ITV News Deputy Political Editor Chris Ship reports
The ruling states the Government requires Parliament's consent to start the UK's withdrawal from the European Union.
The Government are set to appeal the decision in the Supreme Court just before Christmas.
This would then force the Government to put Article 50 legislation to the Lords and the House of Commons.
Sources from 10 Downing Street told Robert Peston the Prime Minister hands "will not be tied" by attempts by opposition parties to amend the Bill and she will fight any attempts to amend that legislation.
As a consequence, if Mrs May were to lose in the Lords and Commons, she will have "no choice but to go the country and seek a mandate in an early general election".

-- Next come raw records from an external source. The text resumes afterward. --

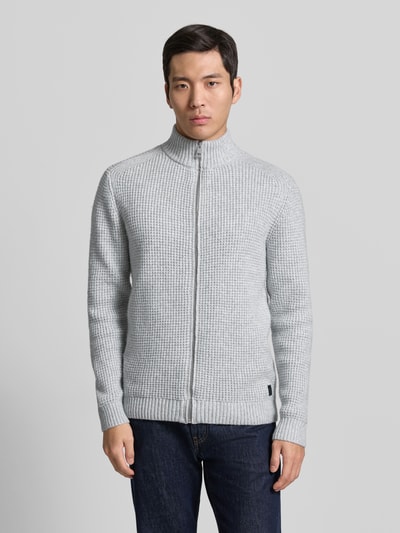 Männermodel trägt Regular Fit Strickjacke mit Woll-Anteil von Tom Tailor in grauer Melangeoptik, Reißverschluss, Stehkragen, Ganzkörperansicht von vorne.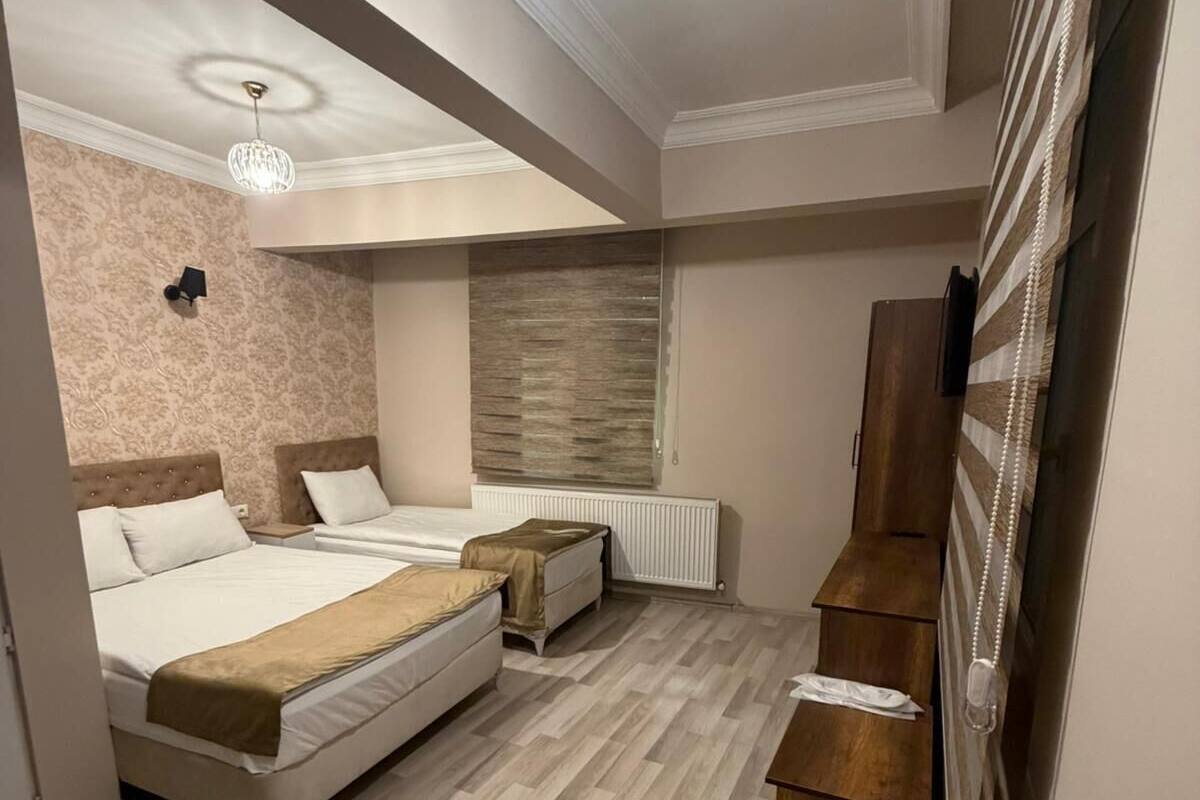 A bedroom with a bed, two bedside tables, a dresser, a radiator, and a chandelier.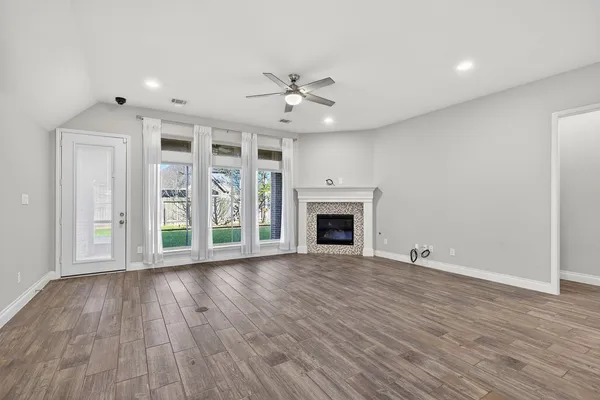 wooden floor fireplace and windows in an empty room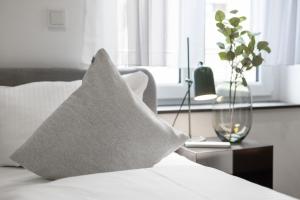a pillow sitting on top of a bed with a window at ma suite - Augsburg City in Augsburg
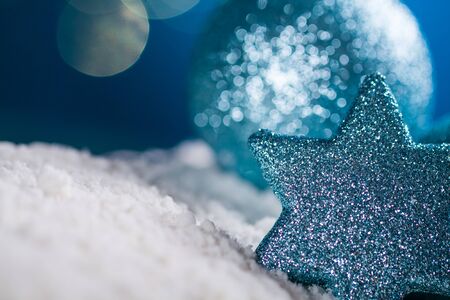 Christmas ball and star on snow and gold glitter on blue background.の写真素材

The future of Brexit now rests with the Supreme Court - the highest court in the land.
It came after three judges unanimously ruled Theresa May does not have the power to bypass MPs by relying on the prerogative to trigger Article 50 of the Treaty on European Union and begin the two-year period of divorce negotiations with the 27 other countries in the EU bloc.
The Lord Chief Justice, Lord Thomas, said to do so would be contrary to "the fundamental constitutional principles of the sovereignty of Parliament".
The court rejected the Government argument that prerogative powers were a legitimate way to give effect "to the will of the people" who voted by a clear majority to leave the European Union in the June referendum.
It is widely expected that 11 Supreme Court justices will sit between December 5 and 8 to hear what is one of the most important constitutional cases in generations.